In a statement released by the commissioners, the key points against changing the lane width include:

– Route 8 provides Interstate 80 traffic access to the heart of Venango County, including points north like Titusville, Tionesta and Warren.

– Route 8 provides critical access to I-80 for regional freight generators.

– Route 8 directly links I-80 to important economic assets like the Venango Regional Airport and the Sandycreek Industrial Park.

– Venango County’s position as a central location within the region for business and freight traffic is compromised without strong connections to I-80 and Interstate 79.

– Route 8 provides a critical emergency evacuation route for Pennsylvania residents.

The county’s newly formed Economic Development Authority is strongly endorsing the county commissioners’ efforts to maintain the four-lanes.

“At a time when the county should be focusing its efforts on building the infrastructure necessary for business growth and retention, it instead finds itself fighting to keep the infrastructure it already has in place,” said Emily Lewis, executive director of the authority, in a statement associated with the letter to Wolf.

Addressing the issue

Brooks, Lewis and Jason Ruggiero, the county planning director, talked to the newspaper Friday about concerns they have should the highway stretch be reduced to two lanes.

On the issue of highway traffic volume, a key point of the study that notes daily Route 8 traffic at 6,000 to 7,000 vehicles a day is “much lower than typically seen on a divided four-lane highway”, Ruggiero faults that as a reason for possible lane reduction.

“They compare it to Route 19 at Waterford where a two-lane highway has 18,000 vehicles a day,” said the county planner.  “They suggest four lanes (on Route 8) aren’t warranted because we have one-third of that traffic. Our argument, though, is that Route 8 gets much more freight traffic.  And if you are stuck behind one of our many large trucks, you are stuck for the entire way, 16 miles from Franklin to I-80.  So it is a different environment because it is a different use of the road.”

Brooks added, “It is an entirely different situation – Route 19, a local access type of road, is residential rather than commercial.”

Ruggiero also noted any plan to reduce Route 8 is counter to what is happening elsewhere in the state.

“We’d be going in the opposite direction. Most municipalities are asking for highways to be built to move freight. Here we have a four-lane highway and there is the possibility it could be reduced,” he said.

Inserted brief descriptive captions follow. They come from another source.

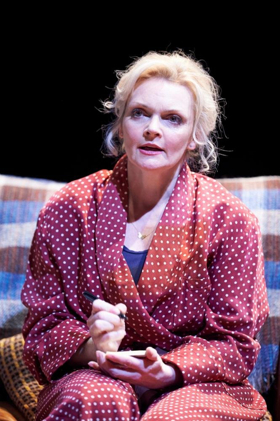Interview: Sharon Small Talks STILL ALICE On UK Tour Image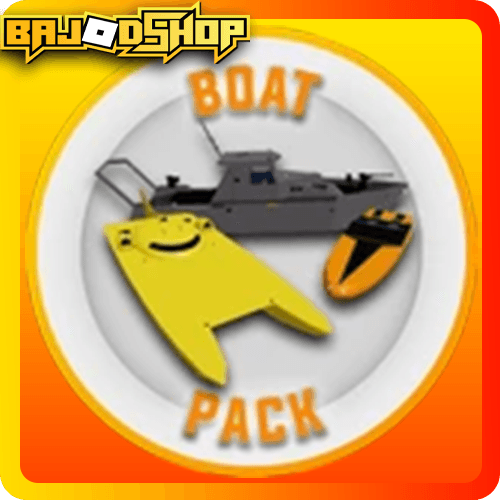 [🛒] Boat Pack | Brookhaven 🏡RP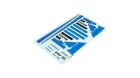 E-flite Ersatzteil Decal Sheet Air Tractor / EFL16465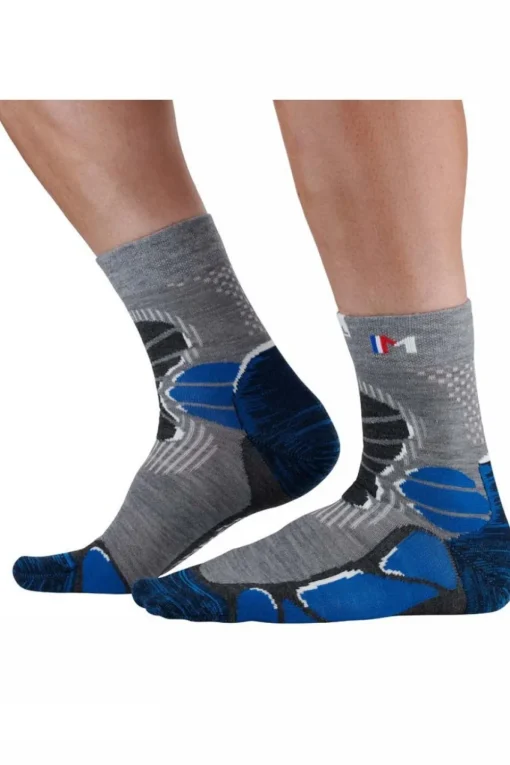 Monnet Wandelsokken Pro Wool Mid X-Light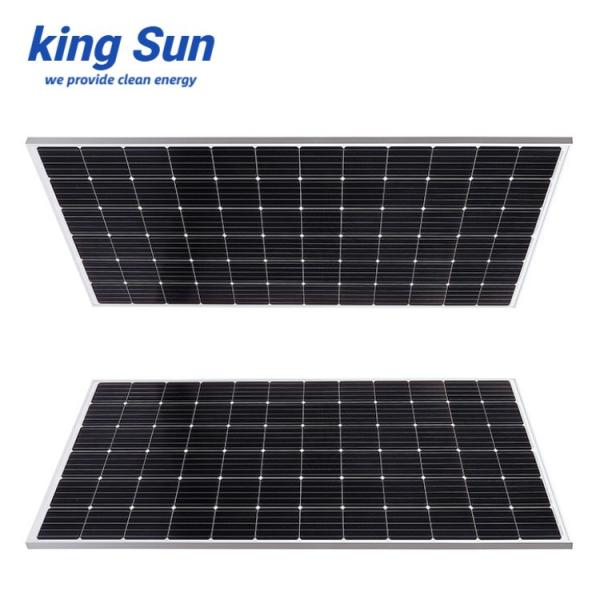 Quality 375W IP67 37V Monocrystalline Solar Panel , Monocrystalline Silicon PV Panels for sale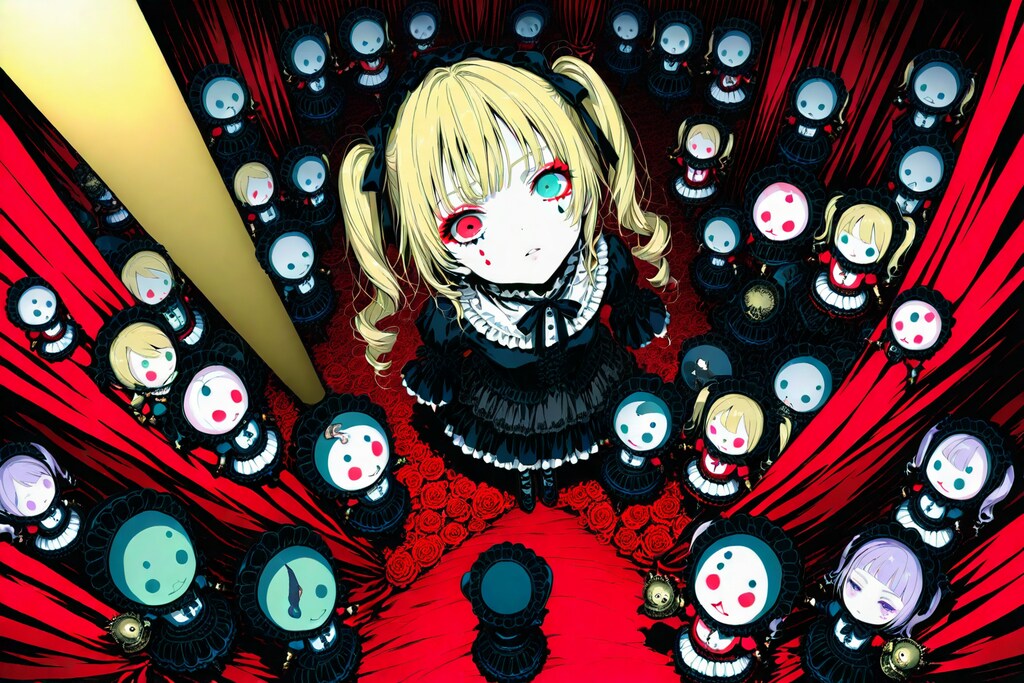 ぇぁろっすっみすぇー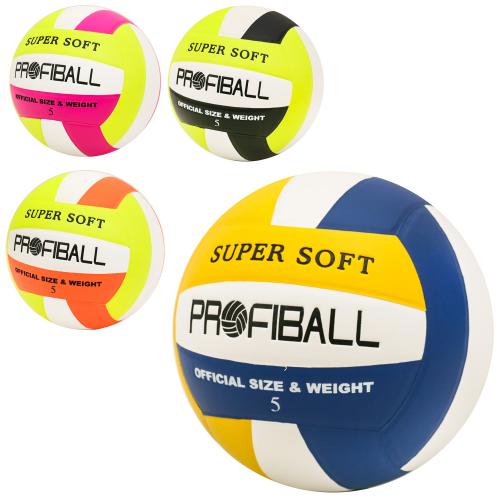М'яч волейбольний Profiball, MS 3361 М'яч волейбольний Profiball, MS 3361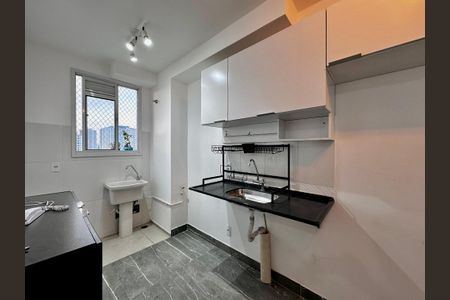 Apartamento para alugar com 35m², 2 quartos e sem vaga Apartamento para alugar com 35m², 2 quartos e sem vagaCozinha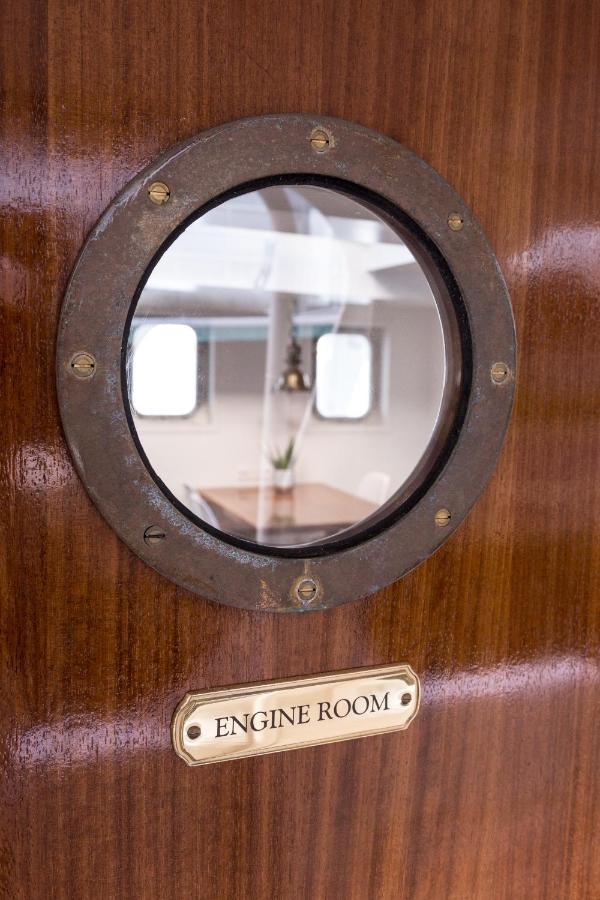 M/S Svalbard B&B アムステルダム エクステリア 写真
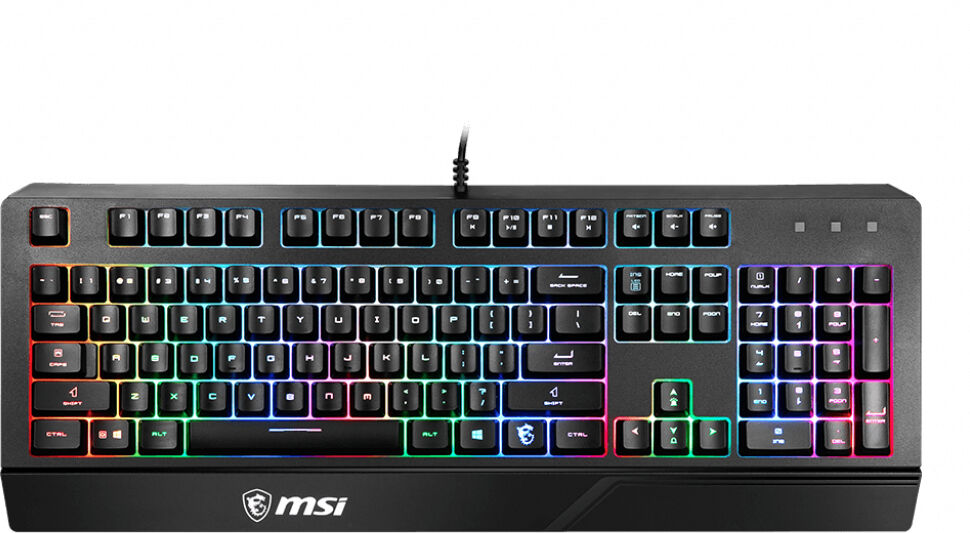 MSI Vigor GK20 - Azerty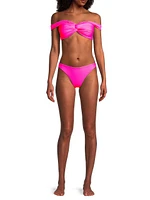 Margot Stretch Bikini Bottom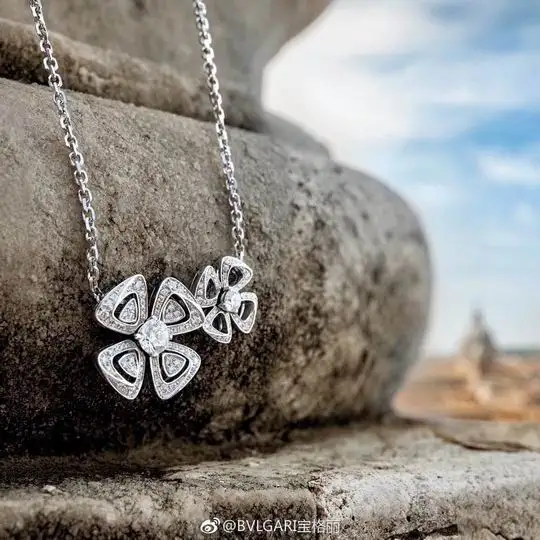 Bvlgari necklace lyh11 (2)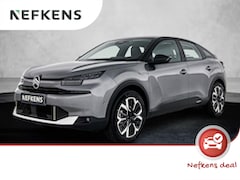 Citroën Ë-C4 - Business 156pk Extended range 54 kWh | Uit voorraad leverbaar | Navigatie | Achteruitrijca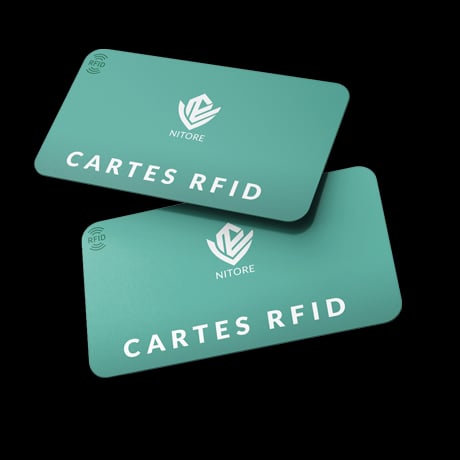 Cartes RFID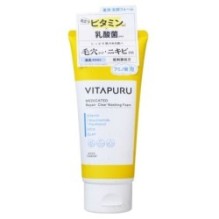 Kose - VITAPURU Repair Clear Washing Foam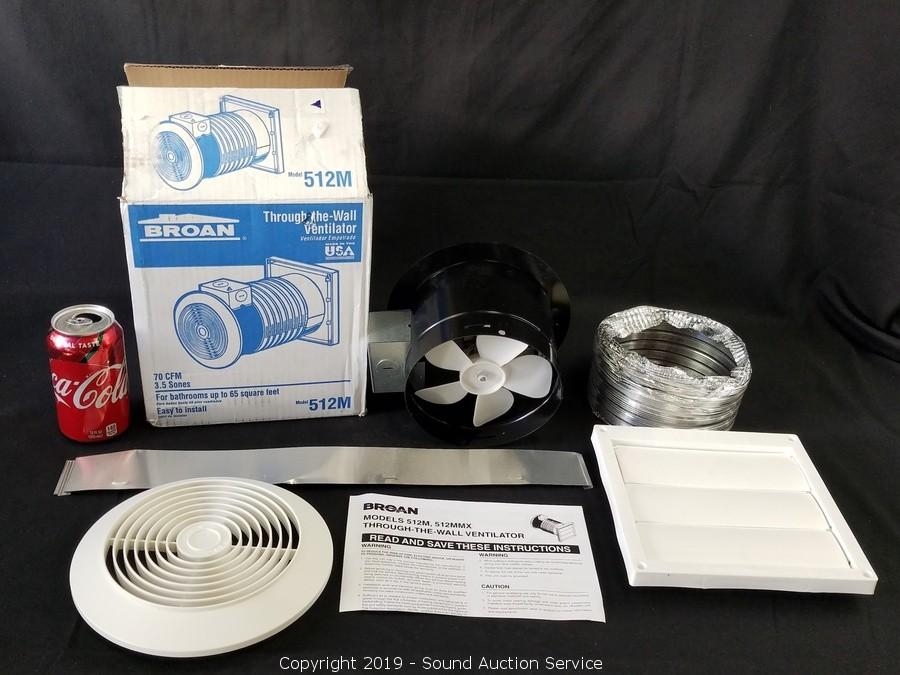 04/09/19 Mell, Blain & Others Estate Auction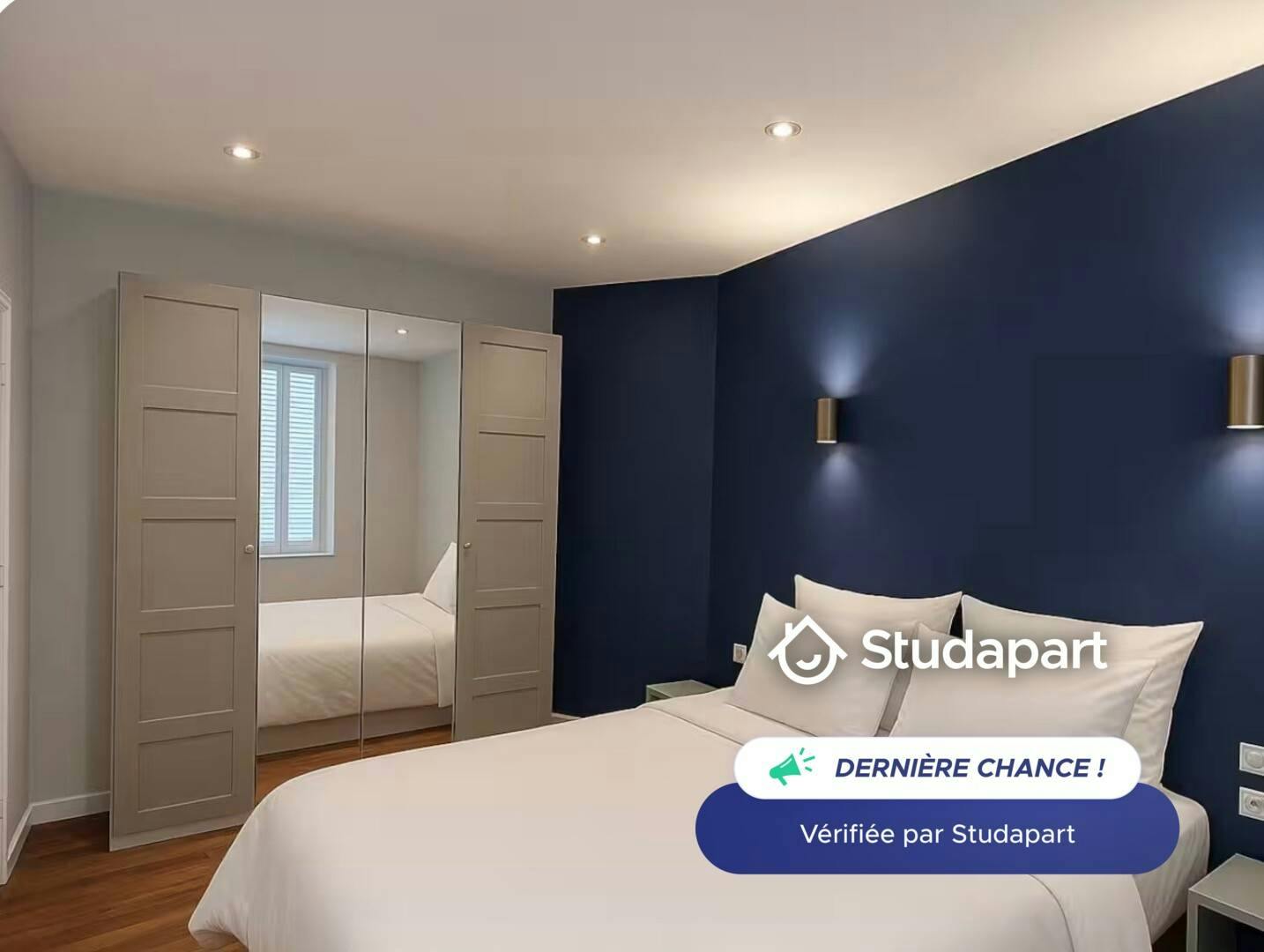Appartement à Châtillon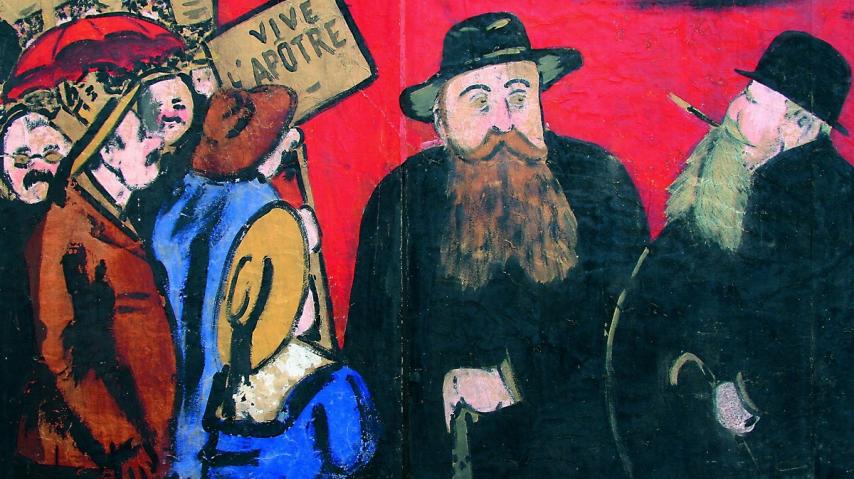 1907, DES VIGNERONS EN RÉVOLTE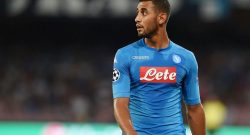 [CMM] - Napoli, Ghoulam ambito sul mercato: c'e' anche il Milan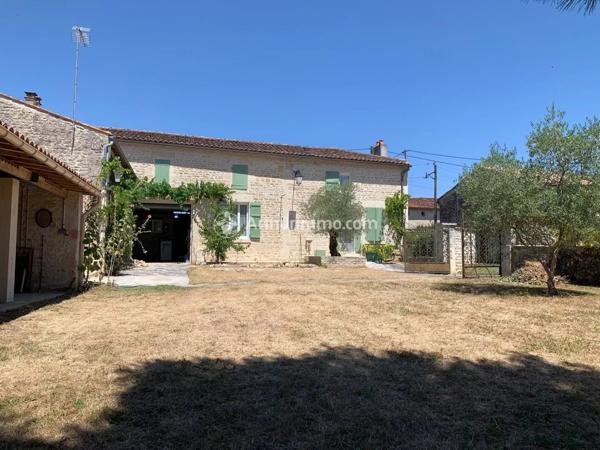 Vente Maison 6 pièces 193 m2 à Aulnay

There is also a move to persuade PennDOT to do more than maintain the existing four-lane highway. About half a dozen miles of two-lane highway make up the end part of Route 8 leading south to Barkeyville.  That resulted from leaving the highway project, one that had been ballyhooed as a full four-lane expressway, unfinished years ago.

“It is a connectivity issue,” said Lewis.  “We would love to see the remaining two lanes changed to four lanes.  For the existing four lanes, it makes sense to keep it because it is already there.”

As for the estimates that it will cost between $30 and $40 million over the next several years to upgrade the four-lane Route 8 stretch, an amount that is prompting the consideration to reduce the highway, that is misleading, suggests Ruggiero.

“Not all that is savings,” he said. “Changing it to two lanes will mean new exit ramps and additional work and those have a cost.  And, any savings they are talking about are down the road, not immediate.”

For Brooks, the prime concern is that cutting back the size of a major highway corridor into Venango County could derail future economic growth.

It was the same pitch made by dozens of local businesses who told Baker Engineering at a forum in late November that they are expanding and investing in their operations.  A central factor in future growth, insisted many of them, is maintaining the Route 8 corridor as is.

“The future, yes, is unknown. But we fully believe we are starting to see improvement here.  So out 30 years, what will this region look like? We believe it will look better. I think (maintaining the four-lane expressway) is a good investment for PennDOT because it will pay benefits as we increase our freight traffic.  Our local businesses and our residents need that four-lane highway,” he said.